## Task objective
Although the material holds pictures, none belong in the copy; transcribe exactly, and only, the lines from the one with "Photo of Young" through the end.
*** Opening Stored data ***
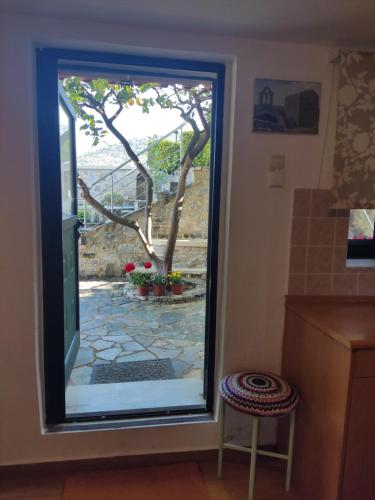 a window in a kitchen with a view of a garden at Palataki in Kardamili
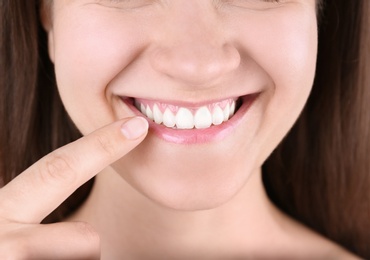 Photo of Young woman with beautiful smile, closeup view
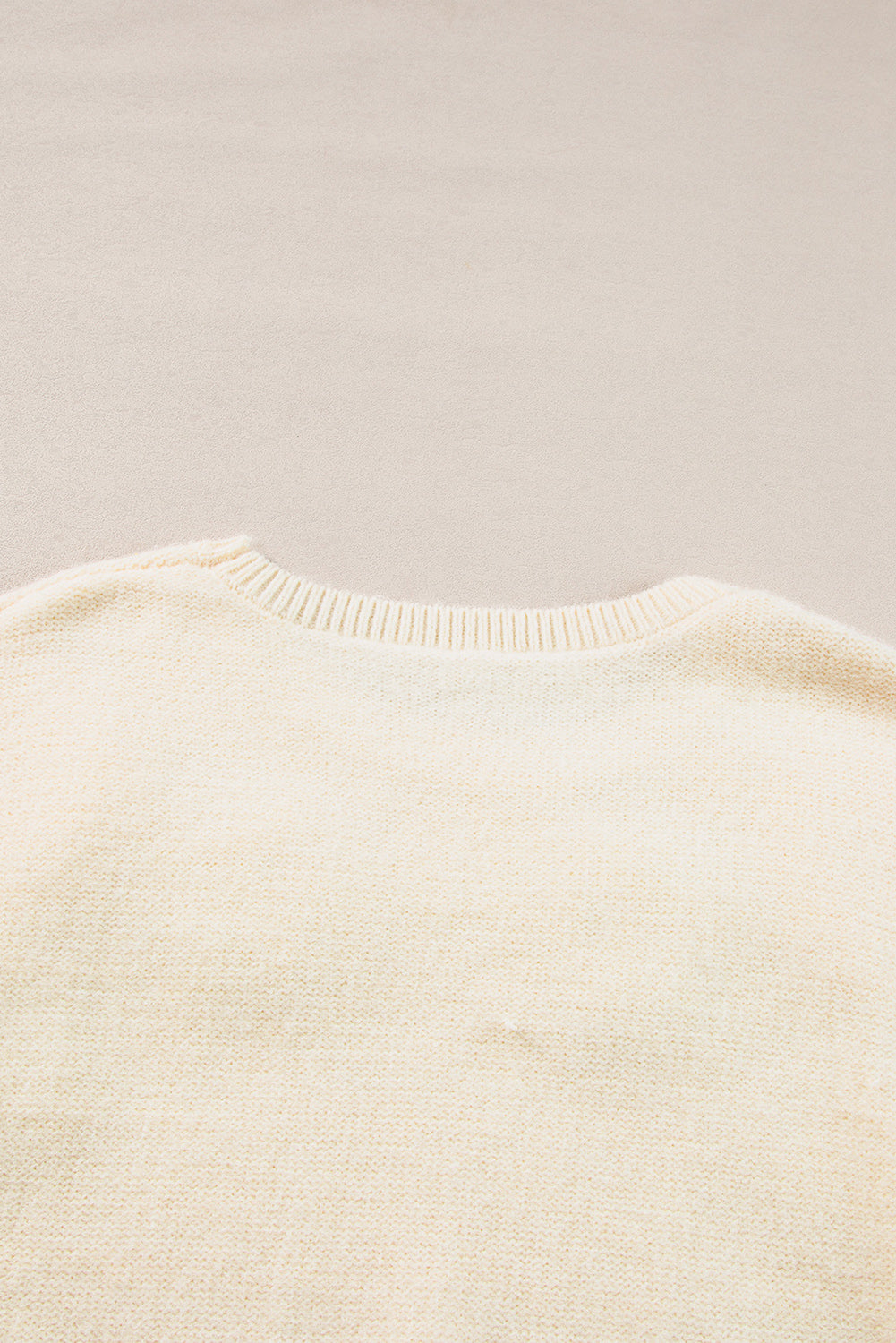 Beige gestrickter pullover mit blumenmuster und geripptem rand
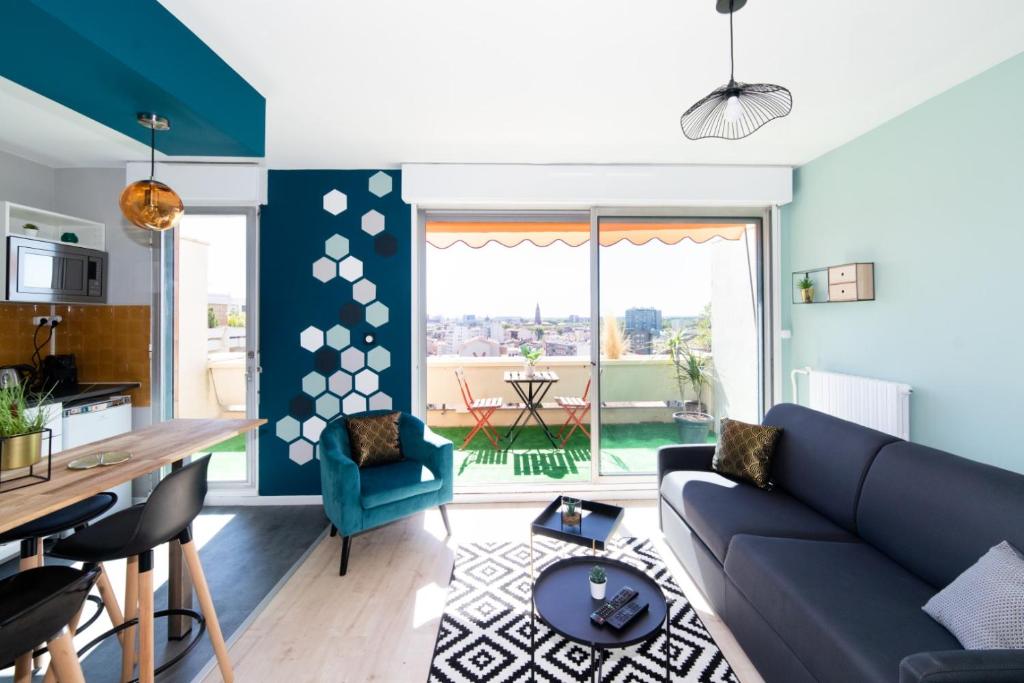 uma sala de estar com um sofá azul e uma mesa em LA TERRASSE DE GATSBY - VUE WOW - Netflix em Toulouse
*** Closing Stored data ***
## Solution
 Photo of Young woman with beautiful smile, closeup view
 Beige gestrickter pullover mit blumenmuster und geripptem rand
 uma sala de estar com um sofá azul e uma mesa em LA TERRASSE DE GATSBY - VUE WOW - Netflix em Toulouse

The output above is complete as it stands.